File hashing

Recovering images based on MD5 hash values

As part of an investigation it is useful to be able to select images based on known MD5 values. CnW software has this option for both working disks, and when an image is recovered from a raw scan.

Part of the file filter is the option to select a table of hash values. For police investigations this table may be filled with known ‘dubious’ hash values. The structure of the hash table is a sorted ASCII text file of all hash values required to be tested. The filter can then be set to skip all files except those that match the hashes. As the hash is not file name dependent, any renaming of files will be ignored.

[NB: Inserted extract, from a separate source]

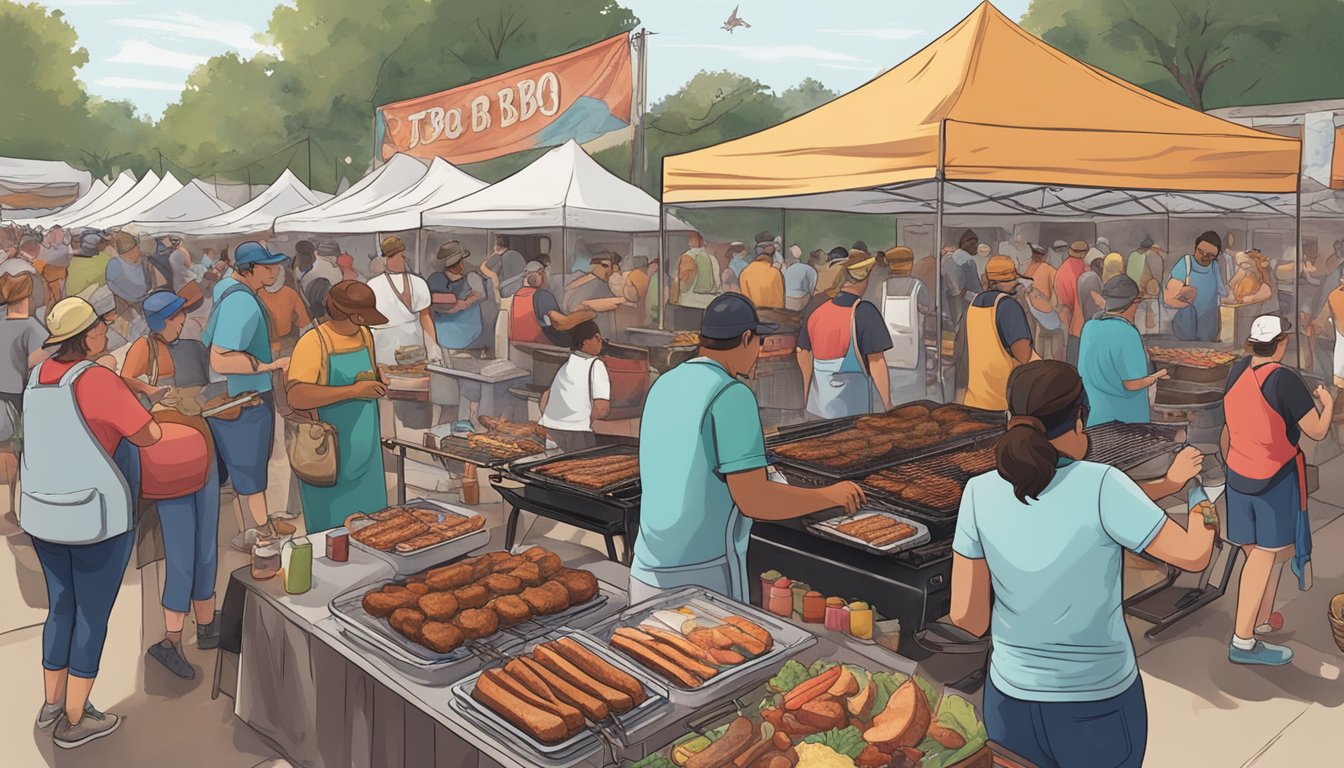 A bustling BBQ festival in Lockhart, with vendors selling souvenirs like t-shirts, aprons, and mugs adorned with BBQ-themed designs. Smoke fills the air as people sample various types of BBQ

CnW Recovery software has another very powerful feature that relates to hashing and raw imaging. Many recovery programs will correctly find JPEG files but not set the correct length. CnW, when it finds a JPEG file, it will calculate the correct file size, and then recalculate the hash value. There is also a mode where JPEGs will be found on disks that had NTFS compression enabled.

NSRL Hash tables
The NSRL publish tables of hash values for known good files. If while doing a recovery each file hash value is tested, then these files can be skipped. Because the hash value is recognised, it means that the file has not been changed in any way, and so does not need investigating. ie it will not have any hidden data or be a data file disguised as something else. CnW software (Forensic version) has a function to download and import these hash tables for use with the file filter.

The log, when the forensic option has been purchased, will display all files matching, along with their MD5 value.

Which hashing routine to use?
CnW creates hash values in both MD5 and SHA-256. For processing, for instance file filtering and deduplication, only MD5 is used. So why have both values. The reason for both is there have been various attacks on both MD5 and SHA-1 and examples have been produced that do show two different files with the same value. This is exceptionally hard to do, and never happens in practice. It is also certain that if a file is corrupted in transmission, or storage, the hash value will also change. The main reason for a hash value is to prove that a file has not been changed in any way since produced.

Technology is moving very quickly, and it is possible that in several years time routines and processors may beable to modify files and still retain the original hash value. For this reason, as cases can take several years to get to court, CnW has added the second SHA-256 hash value, much longer, and much more secure. MD5 though still remains extremely safe for all requirements.